The Serious Sam series has never been known for its graphics, and while the next installment does look nice, it's certainly not on par visually with some other recent titles. So why the meaty requirements? It's likely a result of the Legion System, which, according to graphics engineer Dean Sekulić from developer Croteam, enables "thousands and thousands, hundreds of thousands" of enemies on the screen simultaneously.

Serious Sam 4 minimum specs:

Requires a 64-bit processor and operating system

OS: Windows 10 64-bit

Processor: 4-core CPU @ 2.5 GHz

Memory: 8 GB RAM

Graphics: nVidia GeForce 780/970/1050 or AMD Radeon 7950/280/470 (3 GB VRAM)

DirectX: Version 11

Storage: 40 GB available space

Additional Notes: Requirements are based on 720p rendering resolution at 30 FPS

Serious Sam 4 recommended specs:

Requires a 64-bit processor and operating system

OS: Windows 10 64-bit (1909)

Processor: 8-core CPU @ 3.3 GHz

Memory: 16 GB RAM

Graphics: nVidia GeForce 1080/2060 or AMD Radeon Vega64/5700 (8 GB VRAM)

DirectX: Version 12

Storage: 40 GB available space

Additional Notes: Recommended APIs include DX12 and Vulkan.

While Doom Eternal is another game that recommends at least a GTX 1080 or RTX 2060, that eight-core CPU demand is pretty hardcore—even Microsoft Flight Simulator asks for either a Ryzen 5 1500X (four-core) or Intel i5-8400 (six-core).

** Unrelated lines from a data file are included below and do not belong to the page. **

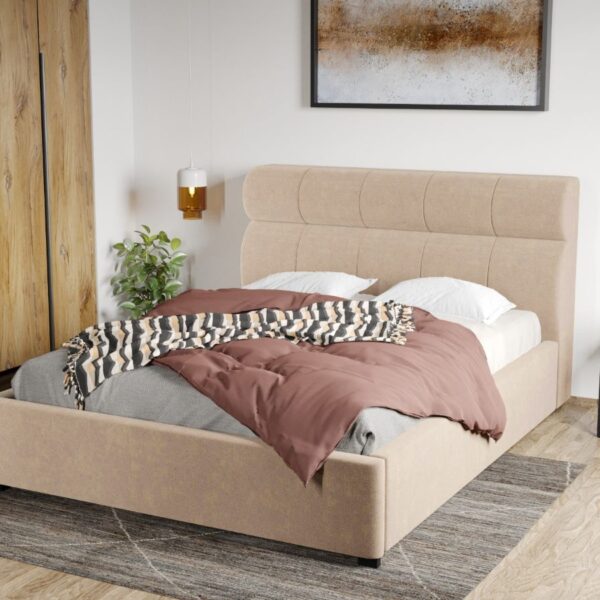 Pat Tapitat Galacto cu somiera fixa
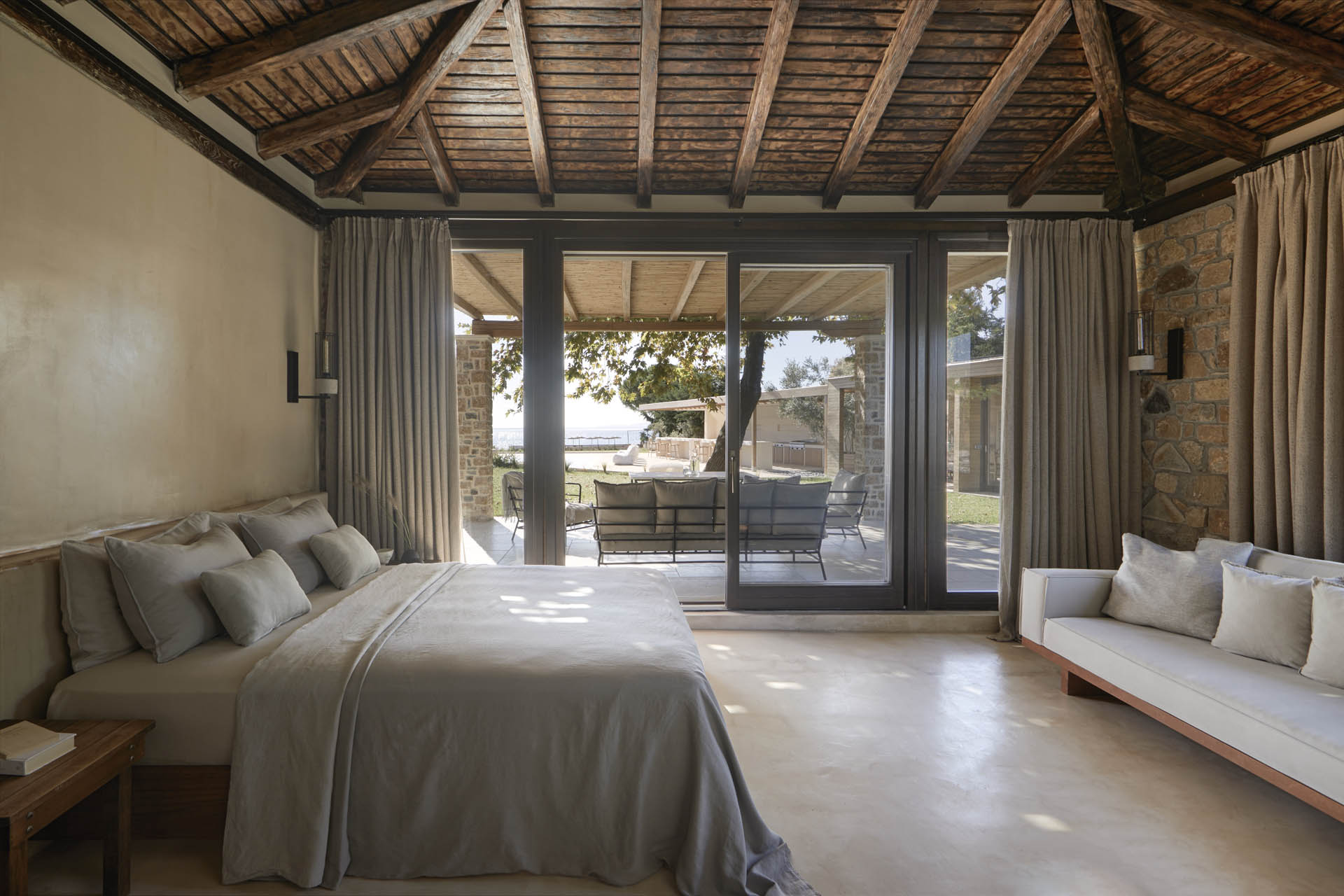 The Villa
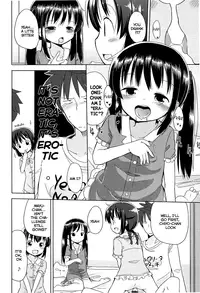 [Fuyuno Mikan] Chiisai Onnanoko ga Suki de Nani ga Warui! | What's Wrong with Liking Little Girls!? [English] [Rin]
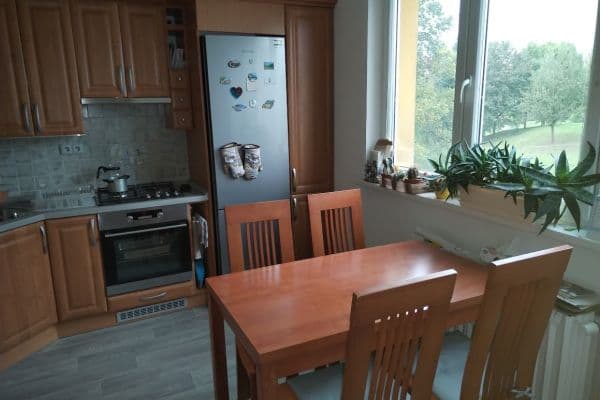 Predaj bytu 2-izbový 60 m², Ahepjukova, Ostrava Predaj bytu 2-izbový 60 m², Ahepjukova, Ostrava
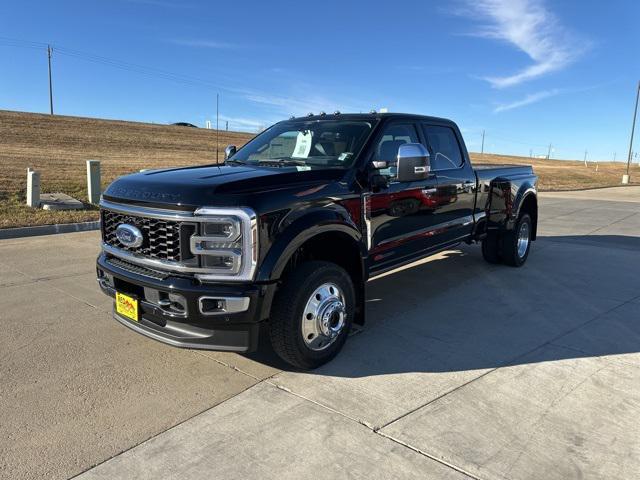 new 2024 Ford F-450 car, priced at $108,395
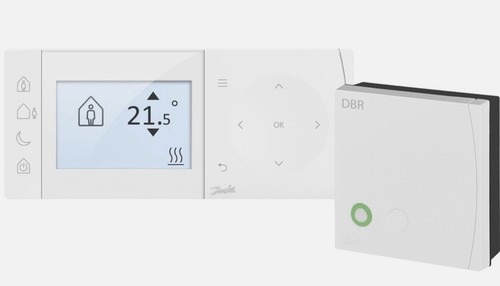 Danfoss tpone dbr smart app - tpone-s,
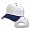 White/navy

Serious Sam 4 was supposed to arrive on both PC and Google Stadia in August, but like many recent titles, it was delayed. The game was also subtitled Planet Badass, but that was dropped due to how it translated—or failed to translate—into other languages.

Serious Sam 4 arrives on PC and Google Stadia this September 24.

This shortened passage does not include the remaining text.